From January 1st 2009, anyone hosting an under 16 in their home will be required to undergo an enhanced CRB (Criminal Records Bureau) check. The new Home Office legislation aims to increase the protection and safety of children, including minors visiting Britain. But this time the nanny state has gone too far.

The legislation might look great on paper, but it has opened a proverbial can of worms.

Foreign exchanges were once a staple of secondary schools’ modern foreign language teaching. Under the new law, school trips – especially foreign exchanges which are already smothered in parental consent forms and health and safety regulations – may well become a thing of the past as less and less schools spend their limited resources fighting through bureaucratic red tape.

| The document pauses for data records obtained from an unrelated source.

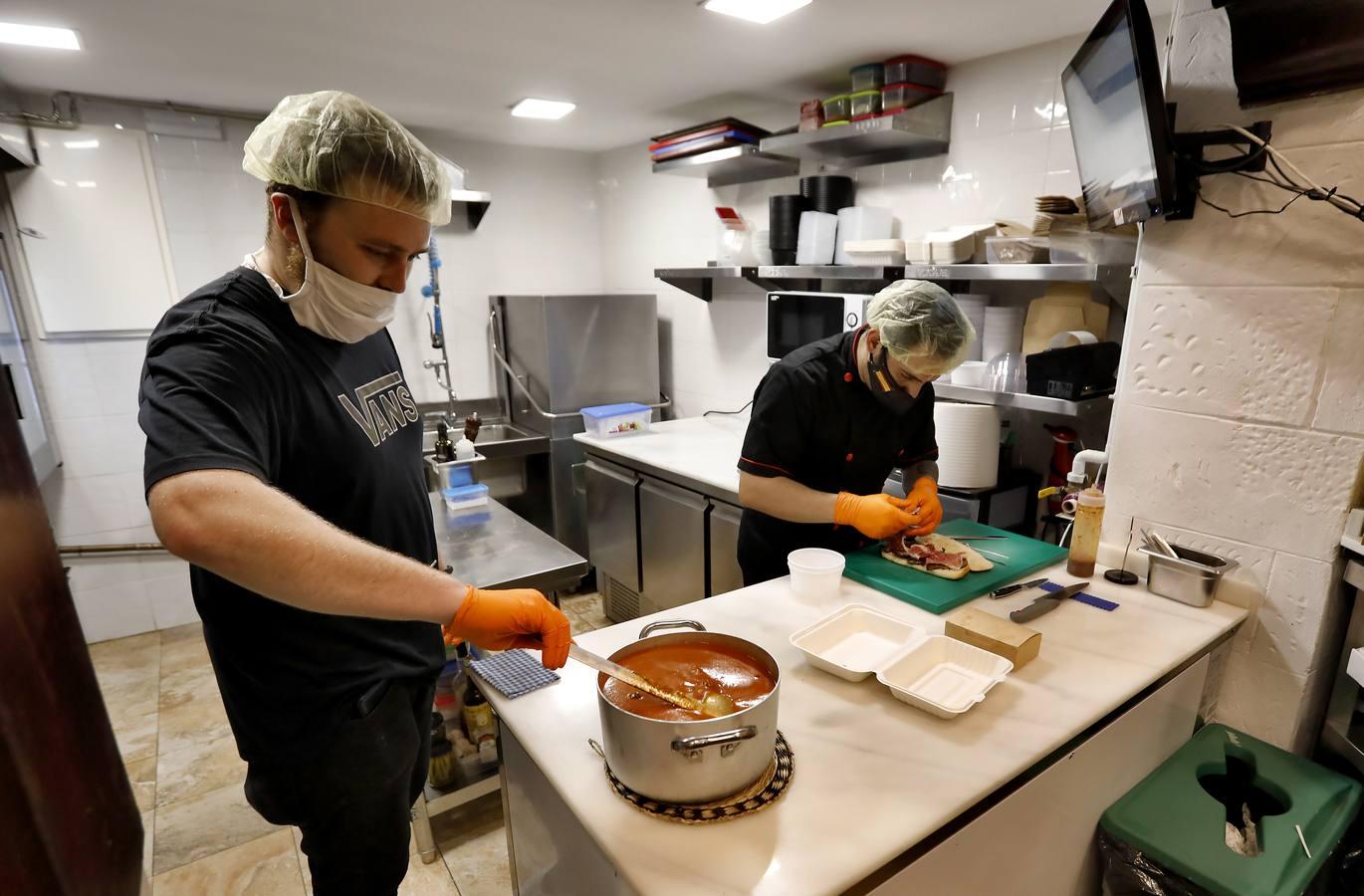 Algunos bares y restaurantes comienzan a servir comida en Sevilla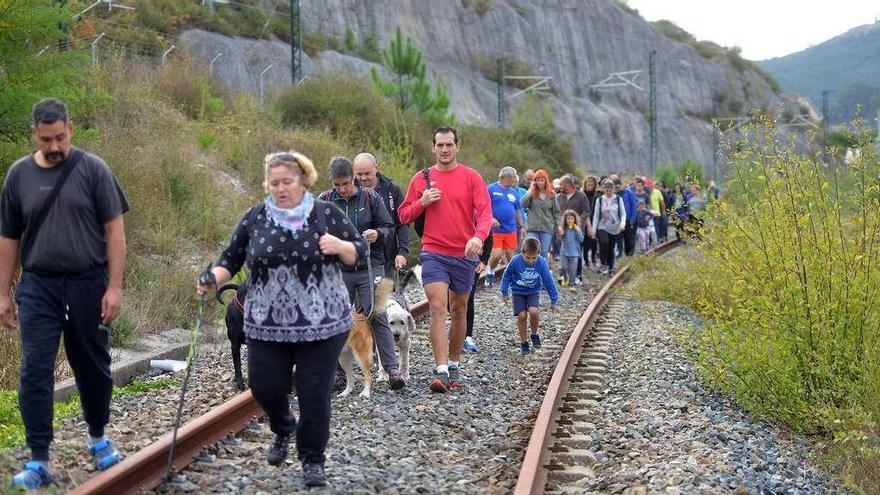 Marcha por la antigua línea del ferrocarril entre Pontevedra y Arcade para pedir la vía verde. // G. Santos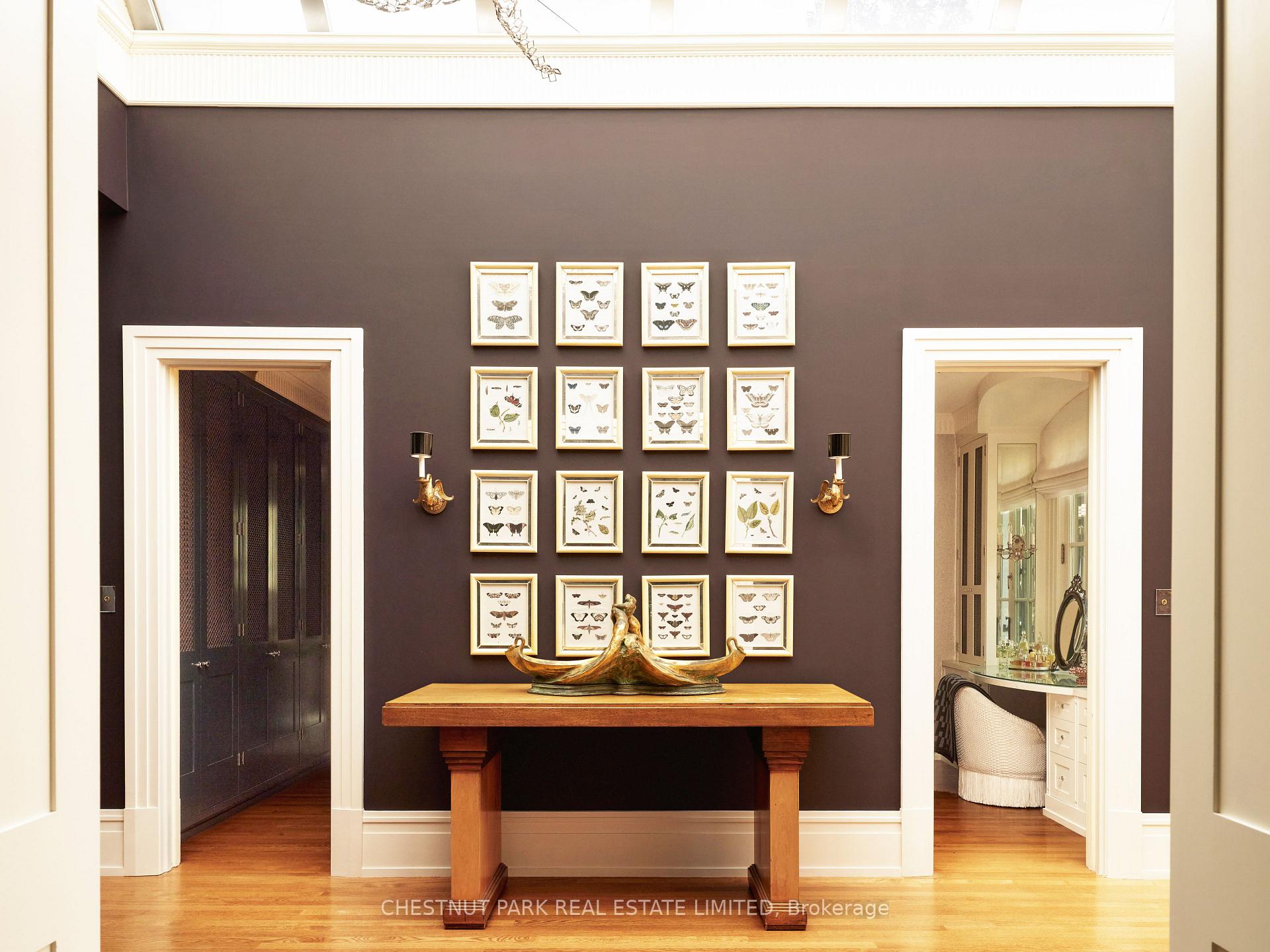 10 Shorncliffe Avenue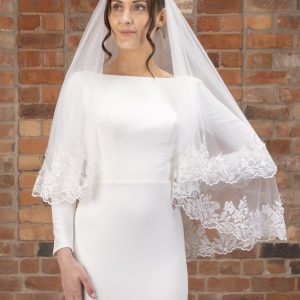 Vintage Lace Veil with Scalloped Edge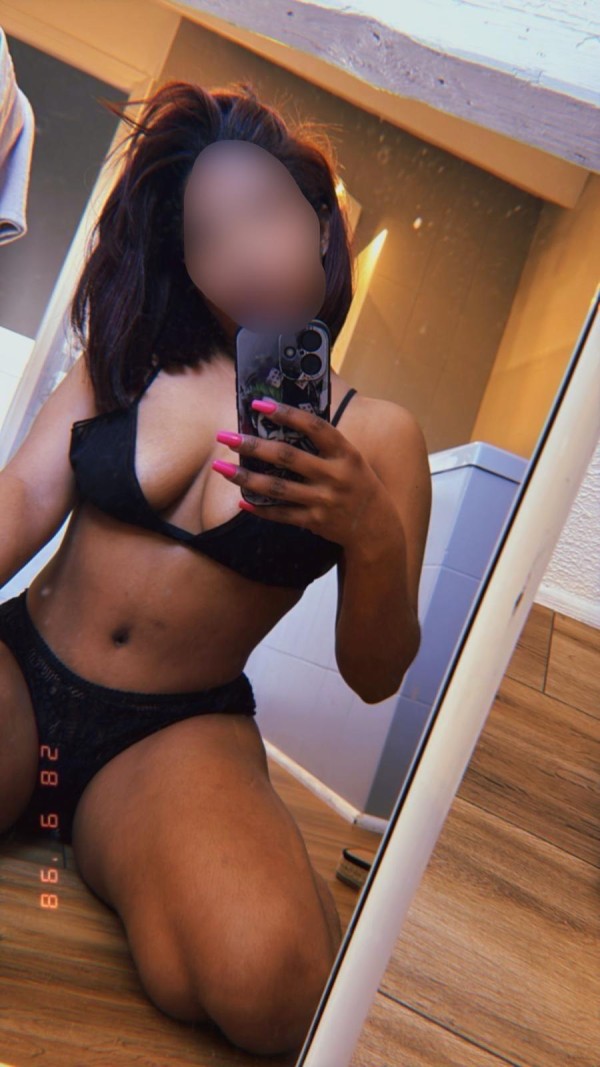 2 AMIGUITAS…TENTACIÓN ARDIENTE Y EXCITANTE…!!!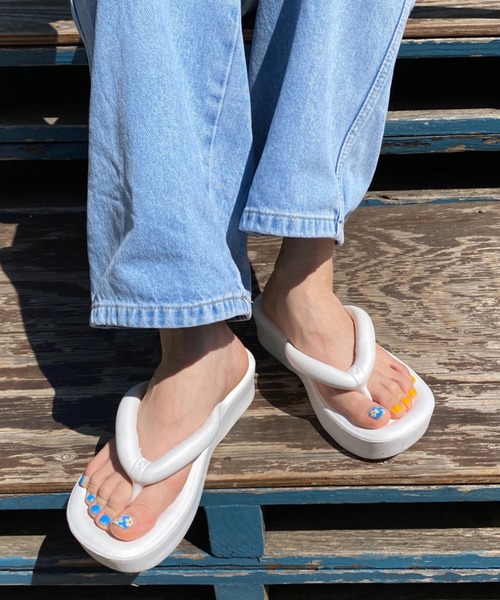 wears(ウェアーズ)の「EVAエアリーチューブ厚底サンダル(サンダル・レディース・ホワイト/ブラック・M/L)」の13枚目の写真
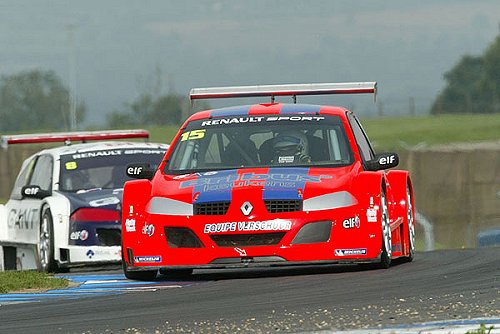Equipe Verschuur top10 in EuroCup Megane Trophy Donington!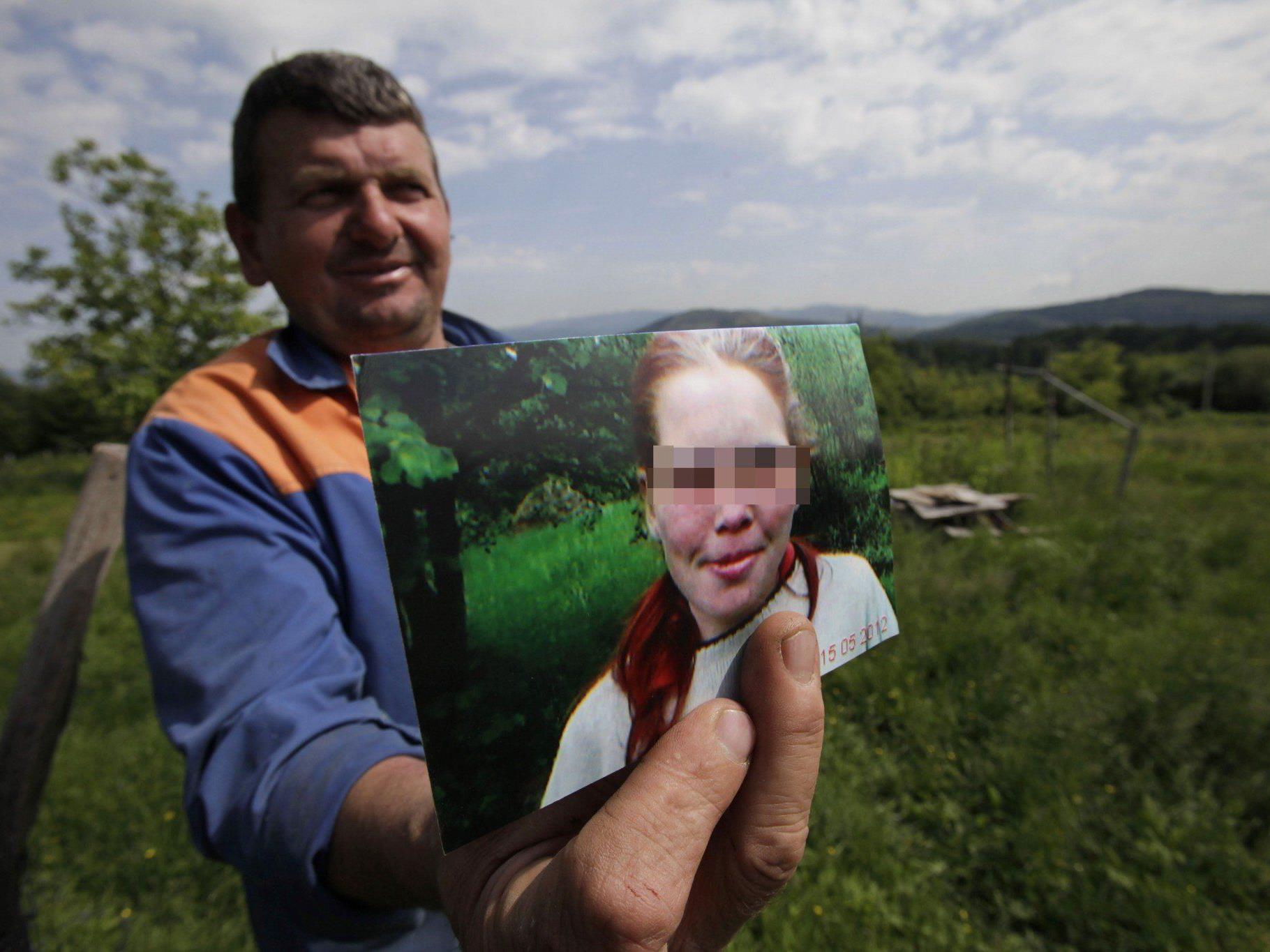 Bettina S. war im Mai 2012 von der Polizei aus ihrer Gefangenschaft im Dorf Karavlasi in der Nähe der nordostbosnischen Stadt Tuzla befreit worden.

But the new legislation has some unexpected victims.

The internationally renowned Watoto Childrens’ Choir, of the Ugandan Aids Orphans charity, have had their visas withheld until over 900 CRB checks have been carried out on all the adults in the families planning to host the choir on their 6 month tour of the UK.

The choir were due to fly out in less than six weeks to start their tour, hoping to raise over £200,000 for child aids victims in Uganda. Now, with their visas withheld and an additional cost of over £20,000 to carry out all the checks, the tour is to be cancelled.

The Ugandan charity claims the number of checks required in such a short time is “completely unworkable” and while they support the need for child protection they have not been given enough time to comply with the new legislation.

In any case, the charity carries out its own stringent checks on host families, making the checks pretty redundant.

The plight of the Watoto Choir highlights a serious flaw in the government’s attempts to further protect children. Ironically the legislation prevents the Watoto charity doing just that – protecting children.

Surely, in light of the shambolic Baby P case where Haringey Social Services spectacularly failed the children involved, the government would be better off focusing on ensuring current laws in place to prevent child abuse achieves this rather than giving organisations more hoops to jump through.

Once, you could walk past any school playground at lunchtime and see 9 or 10 children hanging off the arms and legs of dinner ladies, sorry, dinner supervisors. Now you can’t put a plaster on a child’s bleeding knee without a form signed (in black ink) by the legal guardians, triplicated and filed alphabetically. Although you’re probably best to give the plaster to the child to put on their own knee so you don’t touch them in any way and risk a lawsuit.

Let the Watoto children tour the UK. If we can’t police the laws we already have what is the point of generating more and further stretching resources? Maybe once we know we can save children in situations like Baby P we can consider implementing such ridiculous requirements. But right now, Nanny has gone too far.